Work instructions
Transcribe the listing exactly as written. Leave the images out.

——————

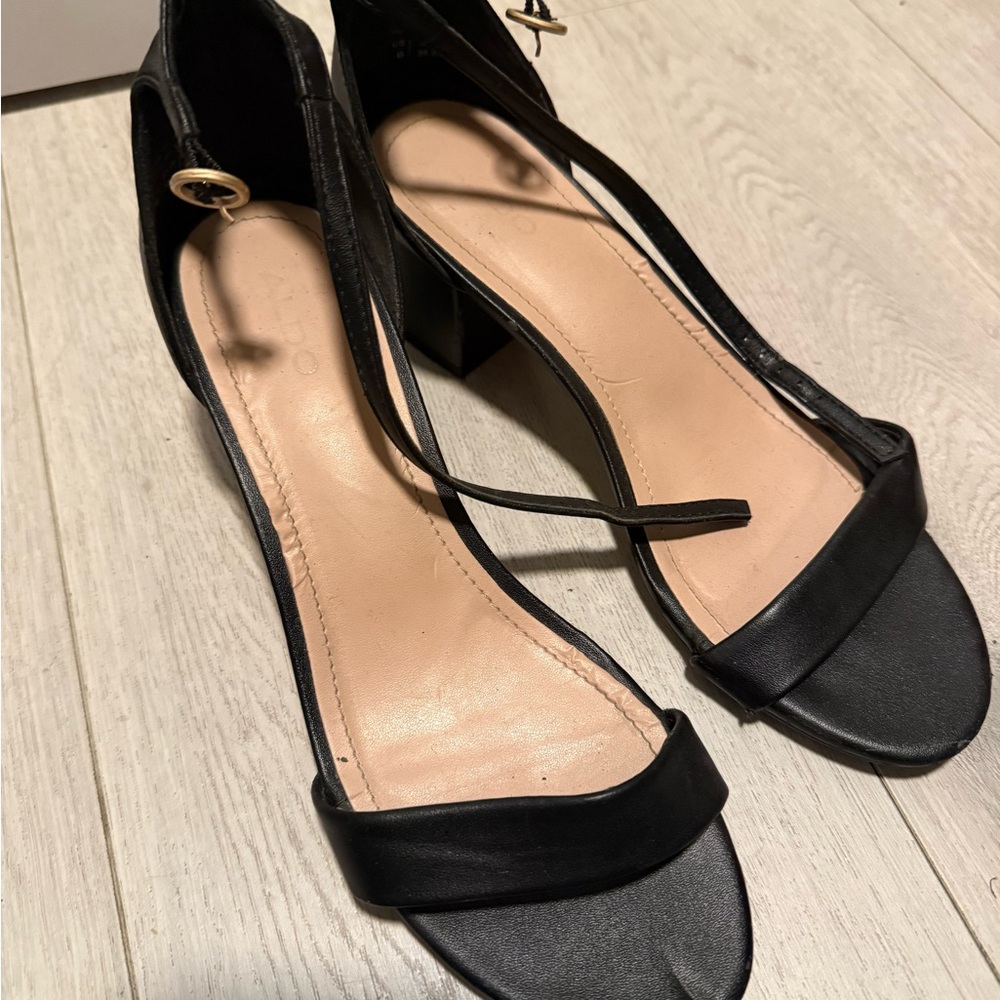 Aldo Black Strappy Heels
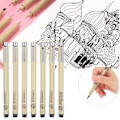 Miniatyrbild 7 av 10: Fineliner Pen Set Vattentät Bleksäker Svart Linje Ritning Konst Serieteckning Skiss Penna 7 st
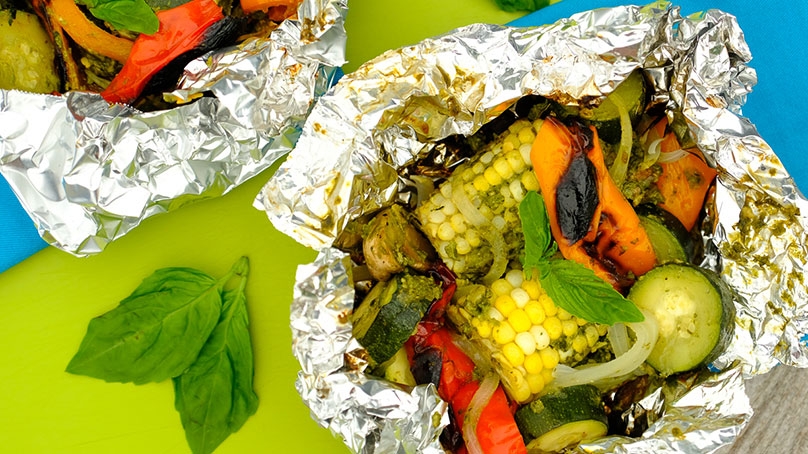 Pesto Butter Grilled Veggie Foil Pack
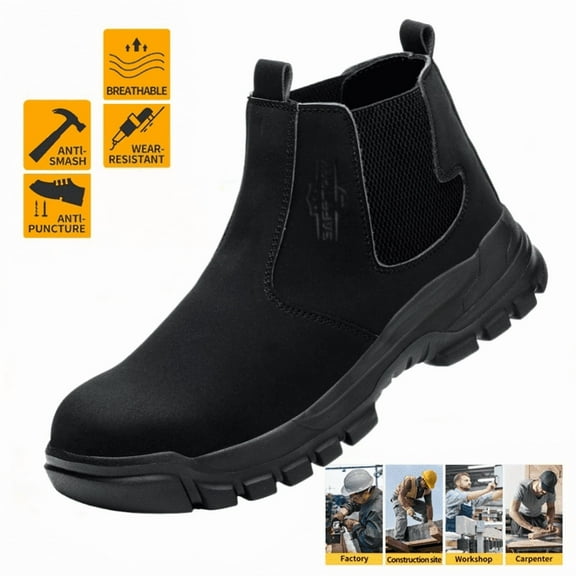 Work Boots for Men, Slip On Steel Toe Chelsea Safety Boots, Waterproof Slip Resistant Work Shoes, Lightweight Comfortable Breathable Non Slip Safety Toe Shoes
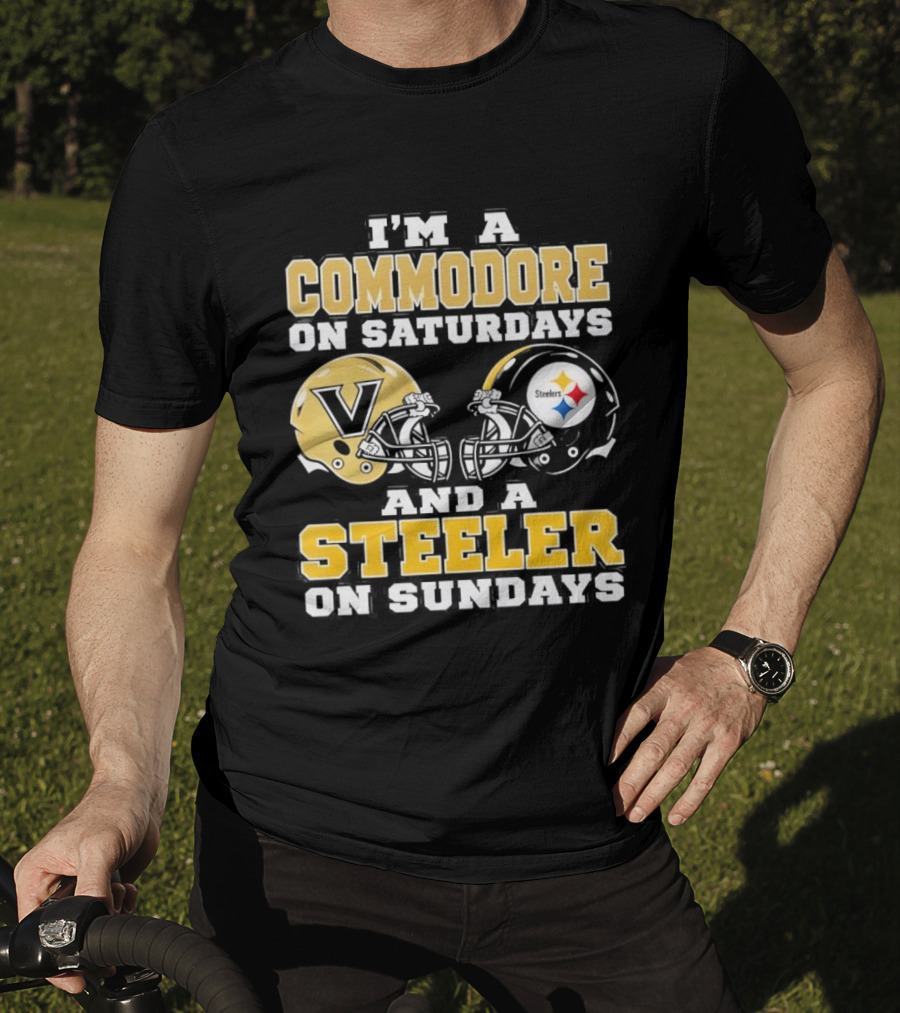 I'm A Commodore On Saturdays And A Steeler On Sundays Helmets T-Shirt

——————

Reply
 Aldo Black Strappy Heels
 Miniatyrbild 7 av 10: Fineliner Pen Set Vattentät Bleksäker Svart Linje Ritning Konst Serieteckning Skiss Penna 7 st
 Pesto Butter Grilled Veggie Foil Pack
 Work Boots for Men, Slip On Steel Toe Chelsea Safety Boots, Waterproof Slip Resistant Work Shoes, Lightweight Comfortable Breathable Non Slip Safety Toe Shoes
 I'm A Commodore On Saturdays And A Steeler On Sundays Helmets T-Shirt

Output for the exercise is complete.